ENTRIES PROVIDED:

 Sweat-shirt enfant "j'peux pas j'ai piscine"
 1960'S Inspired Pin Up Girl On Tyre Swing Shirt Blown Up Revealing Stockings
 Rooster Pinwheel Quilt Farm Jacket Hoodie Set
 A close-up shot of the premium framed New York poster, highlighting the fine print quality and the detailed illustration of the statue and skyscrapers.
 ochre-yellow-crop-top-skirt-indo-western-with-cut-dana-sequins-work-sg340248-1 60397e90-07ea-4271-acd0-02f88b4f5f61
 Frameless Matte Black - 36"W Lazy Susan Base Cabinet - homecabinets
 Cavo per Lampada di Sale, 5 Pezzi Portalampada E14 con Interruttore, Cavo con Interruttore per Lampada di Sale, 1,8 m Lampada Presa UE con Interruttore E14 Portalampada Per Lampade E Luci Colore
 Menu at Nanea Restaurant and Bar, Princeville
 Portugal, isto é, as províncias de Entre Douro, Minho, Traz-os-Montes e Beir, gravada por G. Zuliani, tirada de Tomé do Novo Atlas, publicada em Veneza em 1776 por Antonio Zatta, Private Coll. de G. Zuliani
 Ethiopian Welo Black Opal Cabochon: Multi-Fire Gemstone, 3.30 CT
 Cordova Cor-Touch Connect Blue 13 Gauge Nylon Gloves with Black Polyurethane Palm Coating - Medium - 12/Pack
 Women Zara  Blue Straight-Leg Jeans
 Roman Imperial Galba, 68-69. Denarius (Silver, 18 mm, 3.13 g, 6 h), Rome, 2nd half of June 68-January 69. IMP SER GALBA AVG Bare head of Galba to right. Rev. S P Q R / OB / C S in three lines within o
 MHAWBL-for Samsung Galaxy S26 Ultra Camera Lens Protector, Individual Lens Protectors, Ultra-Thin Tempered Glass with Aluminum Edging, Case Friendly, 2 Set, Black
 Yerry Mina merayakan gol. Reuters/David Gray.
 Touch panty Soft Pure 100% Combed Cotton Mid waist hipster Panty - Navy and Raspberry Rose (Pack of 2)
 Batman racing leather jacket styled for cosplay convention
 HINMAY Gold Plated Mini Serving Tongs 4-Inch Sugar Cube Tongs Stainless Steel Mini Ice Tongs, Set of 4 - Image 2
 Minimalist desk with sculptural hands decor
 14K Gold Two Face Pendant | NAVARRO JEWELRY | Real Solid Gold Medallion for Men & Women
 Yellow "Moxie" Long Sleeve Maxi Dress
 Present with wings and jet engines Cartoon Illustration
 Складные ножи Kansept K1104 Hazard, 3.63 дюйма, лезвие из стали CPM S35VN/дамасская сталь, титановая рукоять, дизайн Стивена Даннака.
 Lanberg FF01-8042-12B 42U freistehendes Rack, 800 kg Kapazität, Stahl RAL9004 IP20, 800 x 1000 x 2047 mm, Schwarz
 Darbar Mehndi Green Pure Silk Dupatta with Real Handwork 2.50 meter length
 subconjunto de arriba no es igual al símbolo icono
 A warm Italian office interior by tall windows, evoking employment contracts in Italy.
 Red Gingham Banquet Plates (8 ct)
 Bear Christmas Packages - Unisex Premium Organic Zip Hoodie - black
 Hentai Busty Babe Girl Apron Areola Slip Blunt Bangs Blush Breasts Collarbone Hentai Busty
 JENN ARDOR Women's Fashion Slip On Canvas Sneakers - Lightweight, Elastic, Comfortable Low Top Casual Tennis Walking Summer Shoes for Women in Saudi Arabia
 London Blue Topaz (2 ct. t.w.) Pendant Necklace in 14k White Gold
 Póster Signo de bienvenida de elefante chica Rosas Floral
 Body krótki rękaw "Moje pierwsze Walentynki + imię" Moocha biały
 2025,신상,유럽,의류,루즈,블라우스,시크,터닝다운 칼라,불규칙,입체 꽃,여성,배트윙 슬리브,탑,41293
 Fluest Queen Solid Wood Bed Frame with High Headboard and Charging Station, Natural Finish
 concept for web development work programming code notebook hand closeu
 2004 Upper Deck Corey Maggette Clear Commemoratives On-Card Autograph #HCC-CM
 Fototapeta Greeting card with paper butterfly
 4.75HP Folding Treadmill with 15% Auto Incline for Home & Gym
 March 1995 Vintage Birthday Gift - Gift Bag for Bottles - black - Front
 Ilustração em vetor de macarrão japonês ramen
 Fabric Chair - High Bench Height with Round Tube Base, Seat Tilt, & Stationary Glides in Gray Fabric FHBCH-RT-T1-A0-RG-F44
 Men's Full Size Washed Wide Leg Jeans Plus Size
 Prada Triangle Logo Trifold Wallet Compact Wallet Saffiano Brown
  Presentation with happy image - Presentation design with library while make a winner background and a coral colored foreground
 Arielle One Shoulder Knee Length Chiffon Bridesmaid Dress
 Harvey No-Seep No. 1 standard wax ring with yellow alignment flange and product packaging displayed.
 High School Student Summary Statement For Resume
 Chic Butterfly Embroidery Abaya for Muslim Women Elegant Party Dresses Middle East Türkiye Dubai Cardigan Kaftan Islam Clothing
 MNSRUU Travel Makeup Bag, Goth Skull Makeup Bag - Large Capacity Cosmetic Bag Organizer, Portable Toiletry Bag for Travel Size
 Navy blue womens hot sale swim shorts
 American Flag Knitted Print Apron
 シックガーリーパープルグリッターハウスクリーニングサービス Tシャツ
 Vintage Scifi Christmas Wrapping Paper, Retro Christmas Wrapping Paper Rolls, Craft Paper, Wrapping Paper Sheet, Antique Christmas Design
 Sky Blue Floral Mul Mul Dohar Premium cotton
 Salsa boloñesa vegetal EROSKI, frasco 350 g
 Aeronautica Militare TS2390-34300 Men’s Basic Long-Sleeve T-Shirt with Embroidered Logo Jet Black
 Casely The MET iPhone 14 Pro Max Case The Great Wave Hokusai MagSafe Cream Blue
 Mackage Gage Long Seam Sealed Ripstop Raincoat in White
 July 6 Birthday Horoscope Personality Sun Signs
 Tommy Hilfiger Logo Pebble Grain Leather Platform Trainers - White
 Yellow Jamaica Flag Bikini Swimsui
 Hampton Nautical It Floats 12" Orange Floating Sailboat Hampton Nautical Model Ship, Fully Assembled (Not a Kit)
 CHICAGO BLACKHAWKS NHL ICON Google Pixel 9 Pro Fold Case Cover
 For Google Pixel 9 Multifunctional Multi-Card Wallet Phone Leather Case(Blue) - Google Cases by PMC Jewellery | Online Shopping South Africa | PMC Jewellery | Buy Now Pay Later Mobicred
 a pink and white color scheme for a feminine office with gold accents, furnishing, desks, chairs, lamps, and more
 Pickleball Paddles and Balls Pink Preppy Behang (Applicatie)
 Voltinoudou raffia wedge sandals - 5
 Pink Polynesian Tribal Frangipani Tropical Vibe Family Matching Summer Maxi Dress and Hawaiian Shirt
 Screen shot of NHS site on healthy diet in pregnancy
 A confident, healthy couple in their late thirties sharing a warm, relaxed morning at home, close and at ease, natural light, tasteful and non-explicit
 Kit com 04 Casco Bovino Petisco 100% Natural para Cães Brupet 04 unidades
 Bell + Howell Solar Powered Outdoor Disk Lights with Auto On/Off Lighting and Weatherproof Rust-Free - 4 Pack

YOUR GOAL: Of the entries above, transcribe exactly those lines that fall between the line containing "Hentai Busty Babe" and the line containing "concept for web", together with those two lines.

EXERCISE ANSWER:
 Hentai Busty Babe Girl Apron Areola Slip Blunt Bangs Blush Breasts Collarbone Hentai Busty
 JENN ARDOR Women's Fashion Slip On Canvas Sneakers - Lightweight, Elastic, Comfortable Low Top Casual Tennis Walking Summer Shoes for Women in Saudi Arabia
 London Blue Topaz (2 ct. t.w.) Pendant Necklace in 14k White Gold
 Póster Signo de bienvenida de elefante chica Rosas Floral
 Body krótki rękaw "Moje pierwsze Walentynki + imię" Moocha biały
 2025,신상,유럽,의류,루즈,블라우스,시크,터닝다운 칼라,불규칙,입체 꽃,여성,배트윙 슬리브,탑,41293
 Fluest Queen Solid Wood Bed Frame with High Headboard and Charging Station, Natural Finish
 concept for web development work programming code notebook hand closeu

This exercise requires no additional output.